Die Regierung verkauft das als harmlos: Es gehe nur darum, im Notfall schnellere Katastrophen- bzw. »Amtshilfe« zu leisten. Den Nachweis, daß es überhaupt einen Bedarf dafür gibt, bleibt sie aber schuldig, mehr als Allgemeinplätze sind der Antwort nicht zu entnehmen. Daß seit Einführung der ZMZ der Katastrophenschutz besser funktioniert, wird auch nicht behauptet.
Kritiker verweisen schon lange auf den militaristischen Kern der ZMZ-Strukturen. Brisant ist vor allem, daß die »Hilfe« der ZMZ-Soldaten praktisch keine Grenze kennt. Ihre Palette reicht von der Naturkatastrophe über den Terroranschlag bis hin zur Bewältigung von »Großereignissen«, wie etwa dem G-8-Gipfel 2007 in Heiligendamm oder dem NATO-Gipfel 2009 in Baden-Baden und Strasbourg.
Die Bundestagsabgeordnete Ulla Jelpke (Die Linke) wollte in der Anfrage wissen, ob Maßnahmen ergriffen würden, um auszuschließen, »daß die ZMZ-Strukturen gegen Streikende und/oder Demonstrantinnen und Demonstranten herangezogen werden«. Antwort: »Nein.« Denn die Beurteilung, ob Demonstrationen, z.B. anläßlich von Gipfeln, Anlässe für das Tätigwerden von Katastrophenschutzstäben sein können, obliege den »zuständigen Landesbehörden«. Nicht einmal Einsätze gegen Streiks im Transport-, Energie-, Gesundheitswesen und bei der Müllabfuhr will die Bundesregierung ausschließen: Dies sei »dem jeweiligen konkreten Einzelfall vorbehalten«. Zwar soll alles »im Rahmen der verfassungsrechtlichen Vorgaben« ablaufen, aber diese sind bekanntlich dehnbar und sollen zudem geändert werden.

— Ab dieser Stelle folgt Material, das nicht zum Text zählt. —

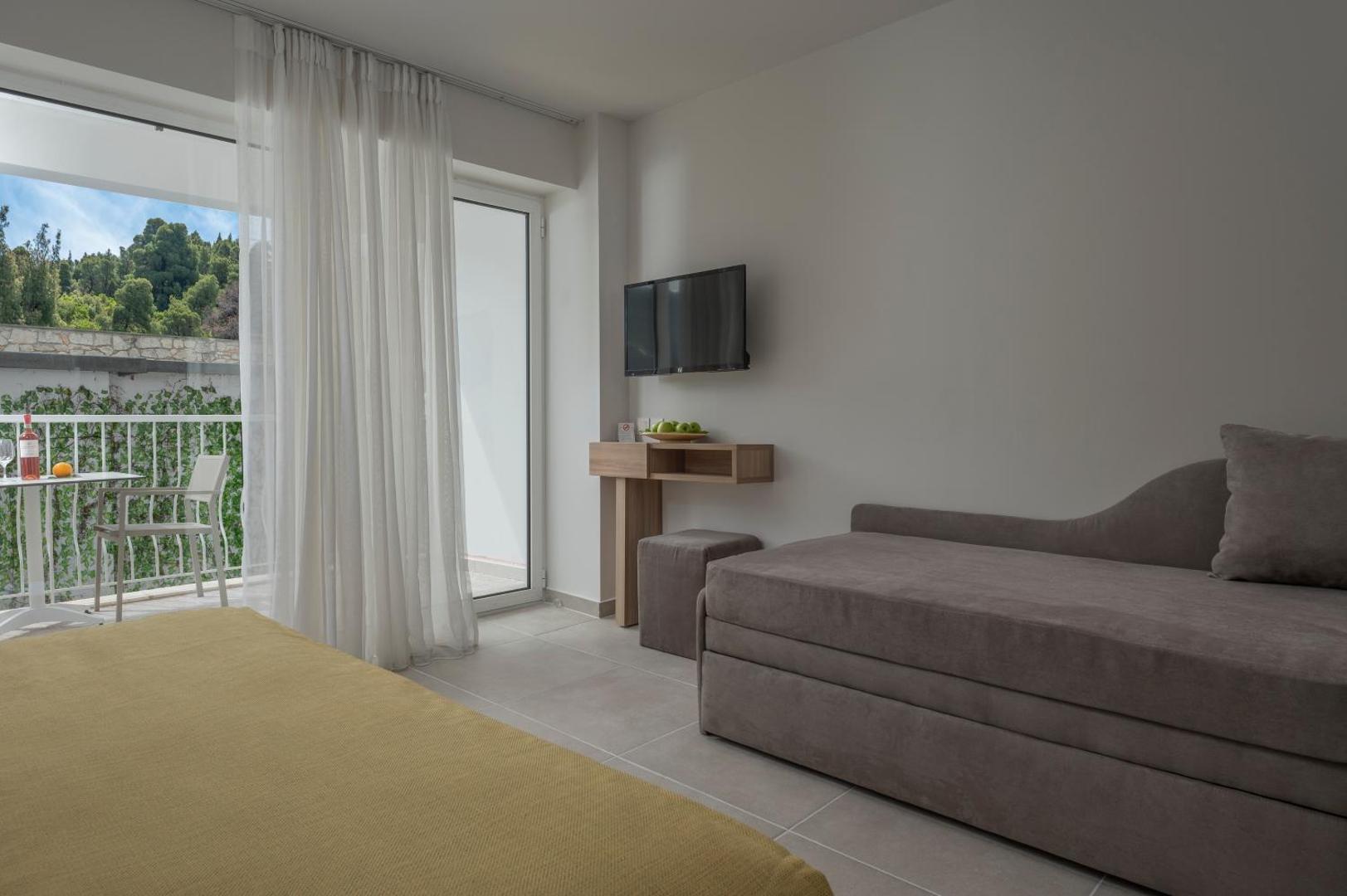 Hotel Kriopigi 7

Sowohl Reservisten als auch ihre zivilen »Partner« werden in Kursen an der bundeseigenen »Akademie für Krisenmanagement, Notfallplanung und Zivilschutz« ideologisch auf Linie gebracht. Lernziel: »Die neue Sicherheitsstrategie Deutschlands«. Der Schwerpunkt werde »auf die drei Akteure (Bevölkerungsschutz, Polizei und Bundeswehr) und deren Vernetzung gelegt«.

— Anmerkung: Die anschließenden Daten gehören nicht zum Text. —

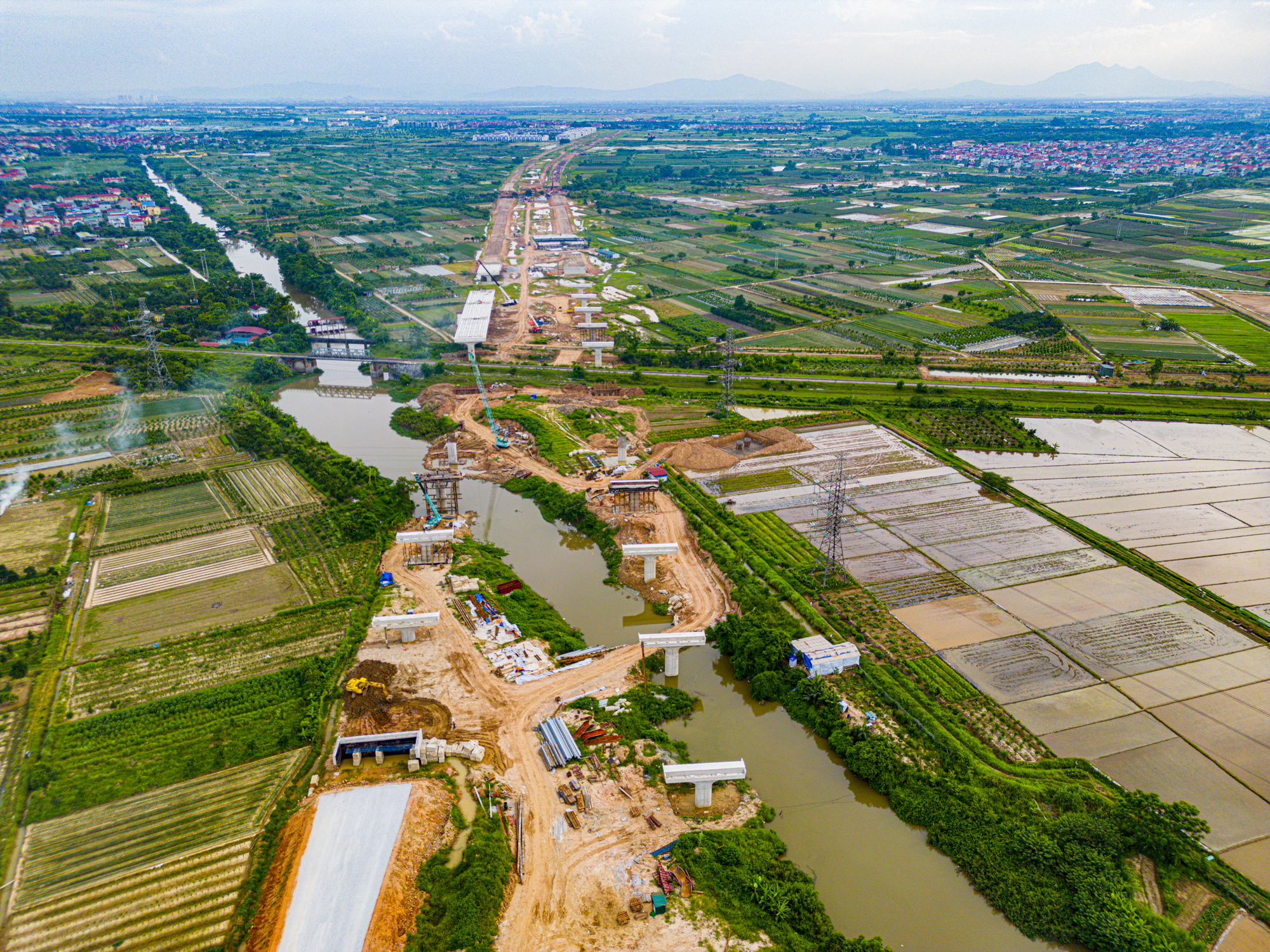 Hàng triệu người dân Hà Nội sắp đón tin vui lớn: “Siêu dự án” 86.000 tỷ chuẩn bị hoàn thành hạng mục then chốt chỉ sau 2 tháng nữa - Ảnh 2.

Jelpke sieht ihre bisherige Skepsis gegen ZMZ voll bestätigt: »Die Bundesregierung hält sich alle Optionen für den Inlandseinsatz offen«, erklärte sie am gestrigen Antikriegstag. Die Bundeswehr niste sich bundesweit in zivilen Verwaltungsstrukturen ein und entsende gleichsam »Späher«, um die Einsatzbereitschaft von Polizei und Rettungsdiensten auszukundschaften und Lageberichte zu übermitteln. »Informationen, die bei Inlandseinsätzen unverzichtbar sind«, so Jelpke. Das Konzept der ZMZ laufe auf einen offenen Verfassungsbruch hinaus. Gegenüber jW kündigte die Abgeordnete an, eine Musteranfrage für Linksfraktionen in den Kommunen auszuarbeiten, um sich vor Ort gegen die »Militärberater« zu wehren. Ziel sei die Auflösung der ZMZ-Strukturen.